High-stakes Iran election: Parliament, Assembly of Experts up for vote

Updated 6:11 PM EST, Fri February 26, 2016

Story highlights

Iranians will decide members of Parliament and Assembly of Experts

The Assembly of Experts selects the successor to Iran's Supreme Leader

(CNN) —  

Iran’s polls closed late Friday night in a critical election that will determine whether the country will continue with the reforms taken by President Hassan Rouhani or if conservative opposition will sweep into power and possibly derail his agenda.

Voters will determine the members of two crucial governing institutions: the Parliament and the Assembly of Experts.

READ: Here’s why you should care about Iran’s elections

In Rouhani’s 2½ years in office, the president has signed a deal that limited Iran’s nuclear program in exchange for sanctions relief. If more hard-liners are elected, relations could regress to stalemate days, putting in jeopardy much of the recent progress, such as the nuclear agreement.

Campaigning in Tehran has been fierce, with billboards and activists from both sides flocking to the streets. Some have even deemed the election as the most important nonpresidential race since the Islamic Revolution in 1979.

Many Iranian youths say life has improved under Rouhani, while conservatives express concerns about Western influence in the country. They accuse reformers of selling out to the West and have alleged foreign interference in the election. “Death to America” chants are still common.

“We need to defeat the enemies of our country and always stay vigilant and stop infiltration from the West,” a female voter told CNN on the eve of the vote.

A month before the election, many pro-reform candidates who might support Rouhani and his more moderate agenda were disqualified from participating. Thousands of candidates were blocked from running by an unelected, conservative 12-member group called the Guardian Council.

Human Rights Watch condemned the action: “Serious electoral flaws are restricting the rights of Iranians to run for office and damaging prospects for free and fair parliamentary elections,” it said Wednesday.

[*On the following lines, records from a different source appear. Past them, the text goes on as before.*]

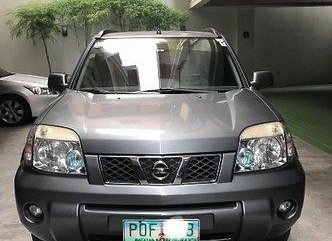 Nissan X-Trail 2011 for sale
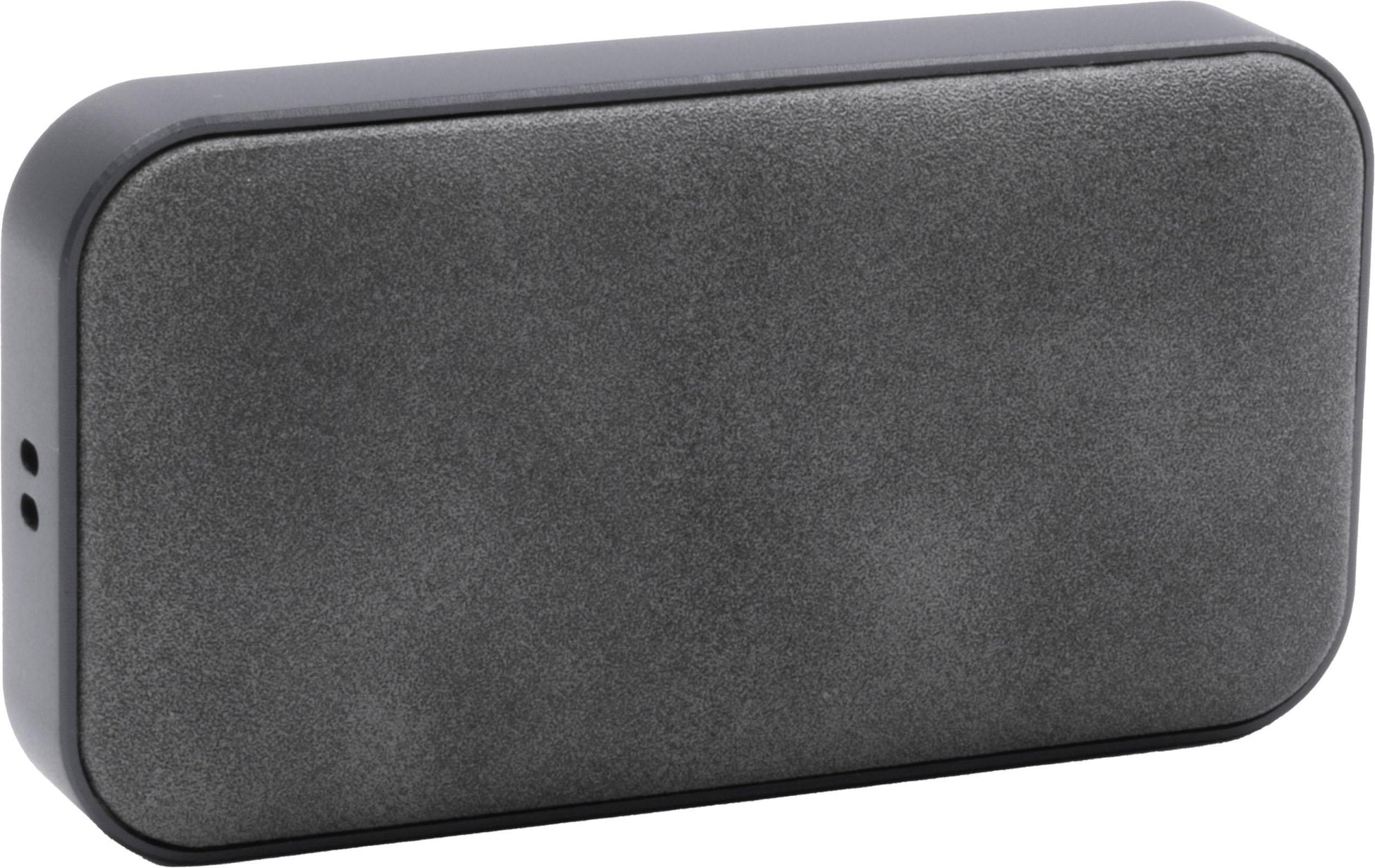 BrandCharger Drahtloser Nano-Lautsprecher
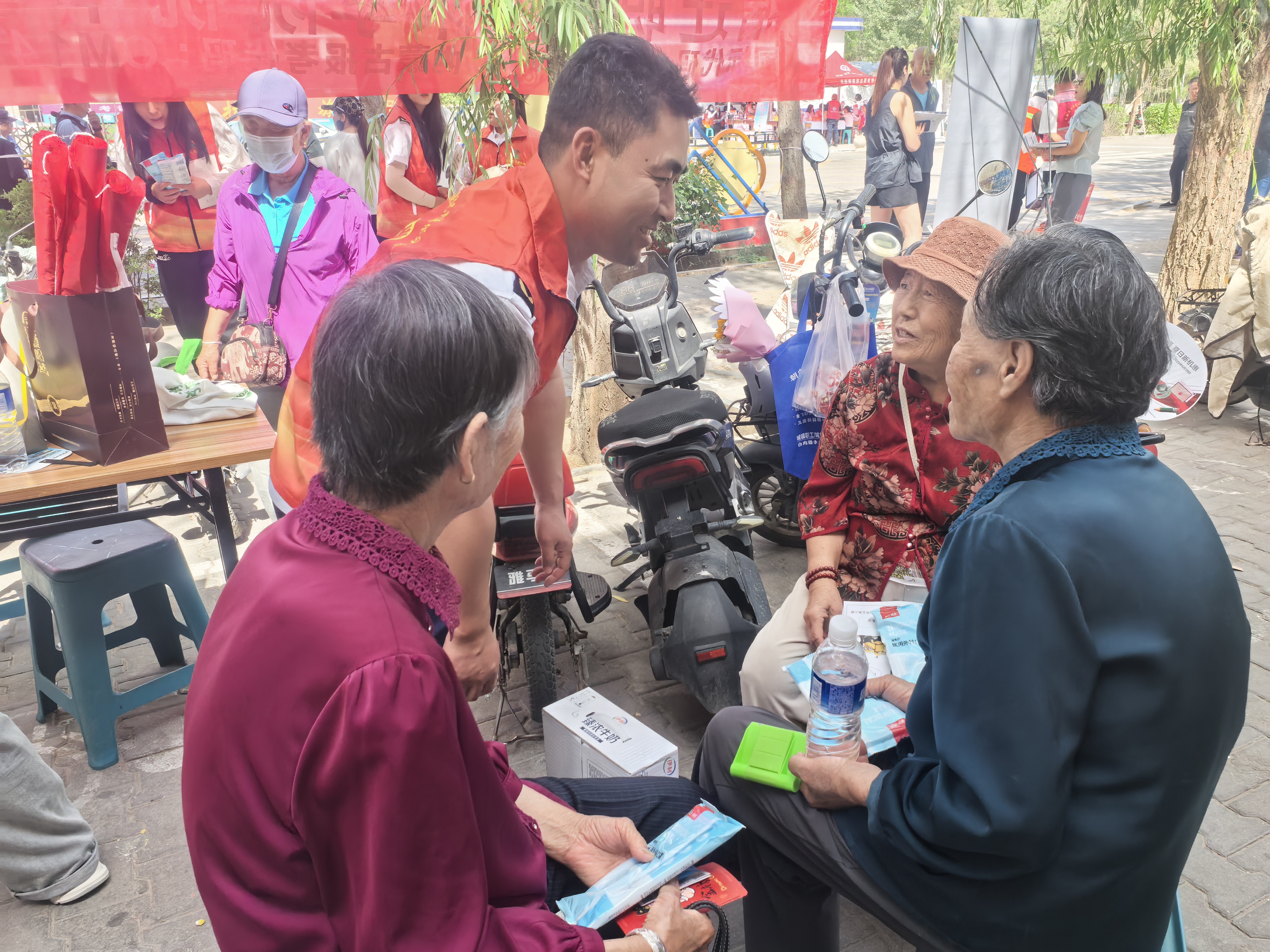 女人与公狍交酡女免费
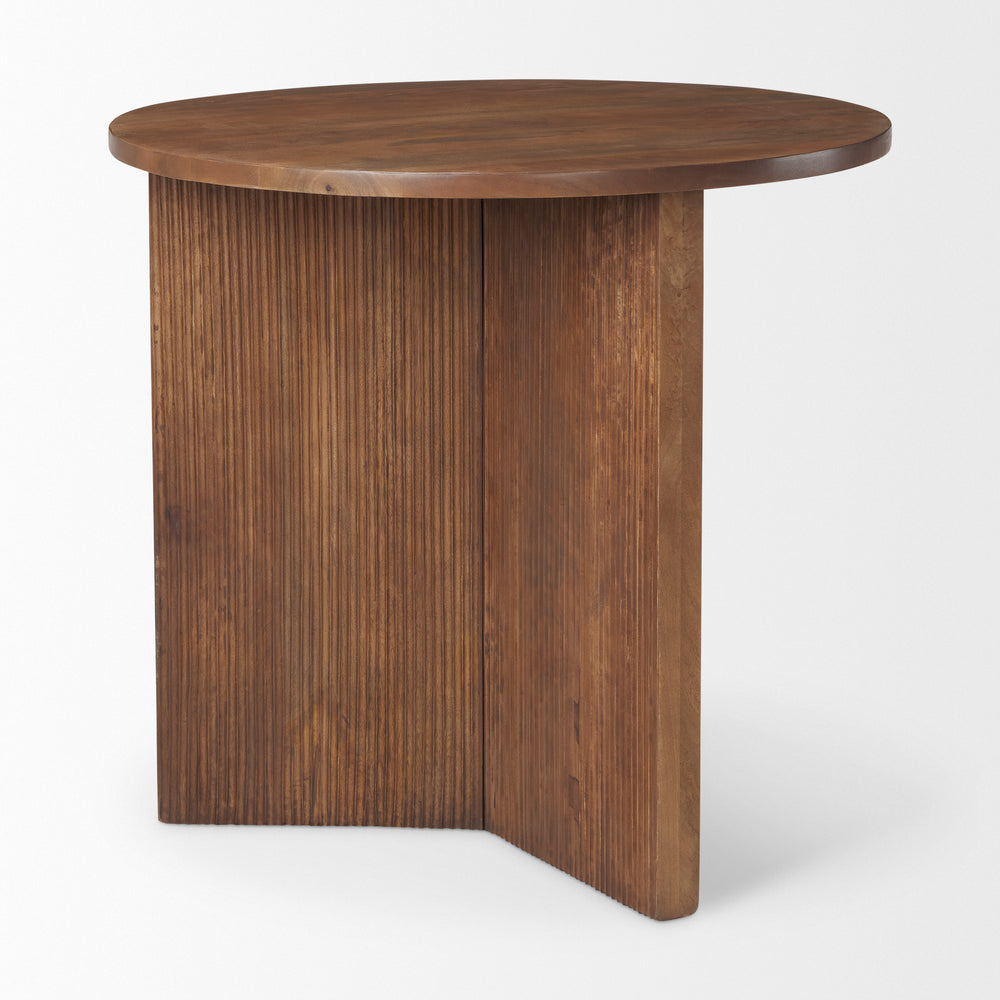 Table d'appoint Enzo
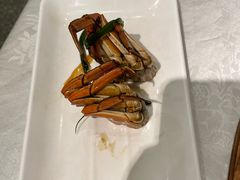 -三玛璐酒楼(汉口路店)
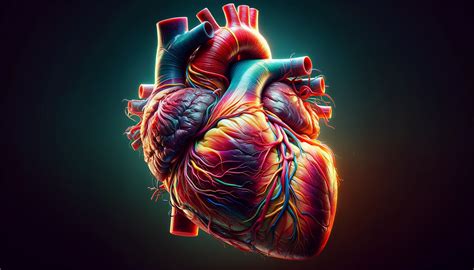 Image result for Heart Beat RPG Tutorial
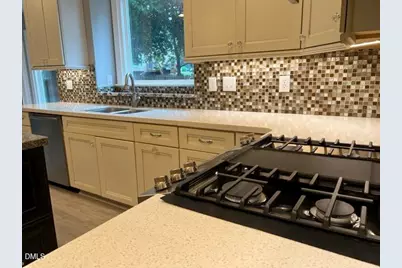 5717 Raddington Street, Raleigh, NC 27613 - Photo 5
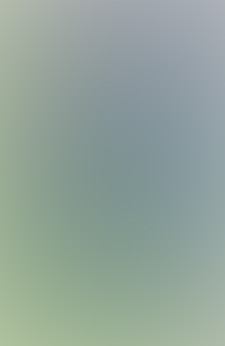 firts-contact.jpeg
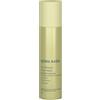 BJÖRN AXÉN Dry Shampoo Green Apple Shampoo secco 80 ml
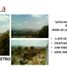  Terreno (Parcela) en venta en San Agustin Tlaxiaca, Hidalgo, San Agustin Tlaxiaca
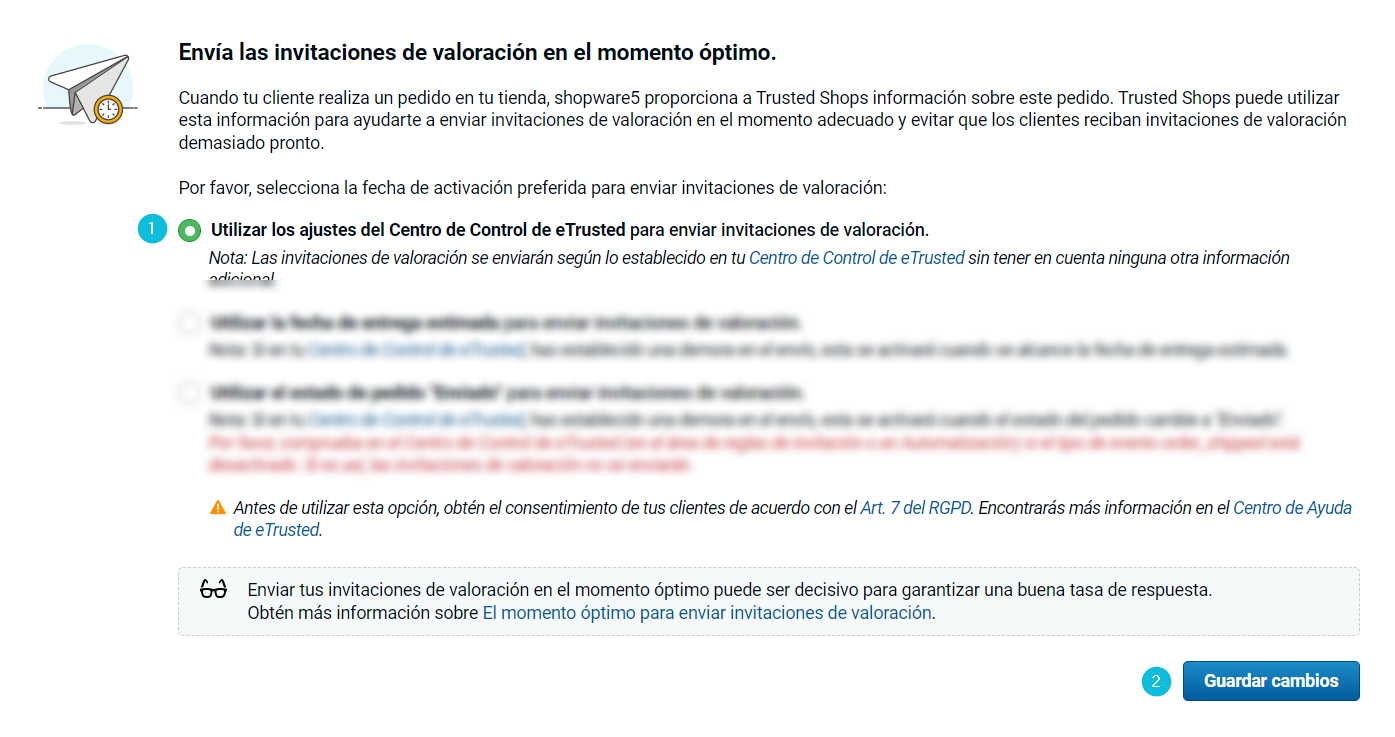 01_ES.png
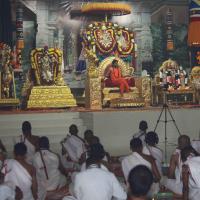 20101119_Photo_1077_IMG_9010_CMP_WM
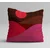 Aberto Design Set dekorativnih jastučnica Asr_plw25-29, 43x43 cm, 3 komada, Šarena
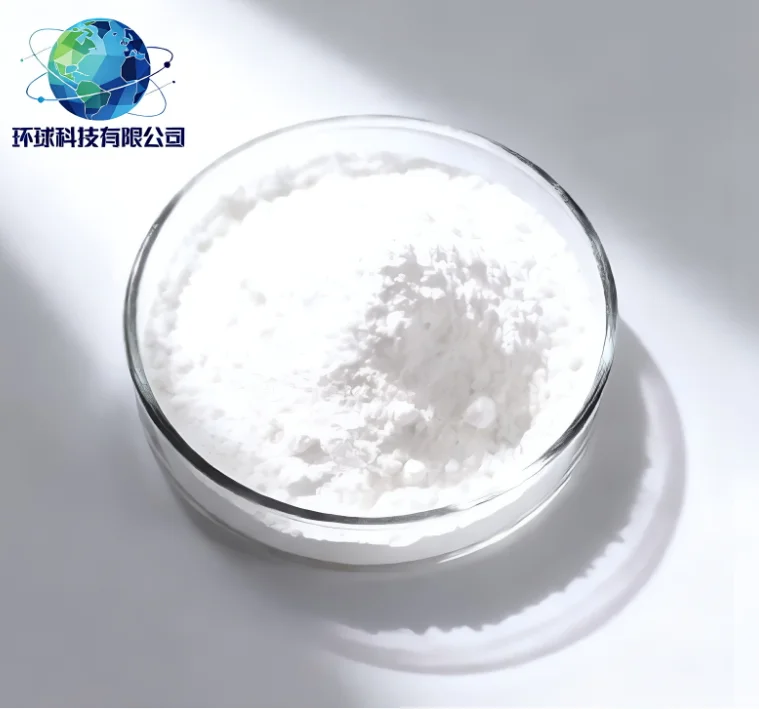 Leuprorelin Acetate CAS NO.74381-53-6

Assembly of Experts and the Ayatollah

Friday’s balloting is critical because voters will also determine the makeup of the Assembly of Experts, an oversight body responsible for selecting the Supreme Leader’s successor.

Supreme Leader Ayatollah Ali Khamenei is 76 and has been rumored to be ill. If he dies in the next eight years, the Assembly voted into power Friday will select the next supreme leader.

Khamenei cast his ballot shortly after the polls opened in Tehran.

How voters feel

Despite the anticipated high turnout, some see the election as a pointless exercise.

Niloofar Amroozbeh, a 19-year-old chemical engineering student, said she had not bothered to vote. It would change “nothing,” she said.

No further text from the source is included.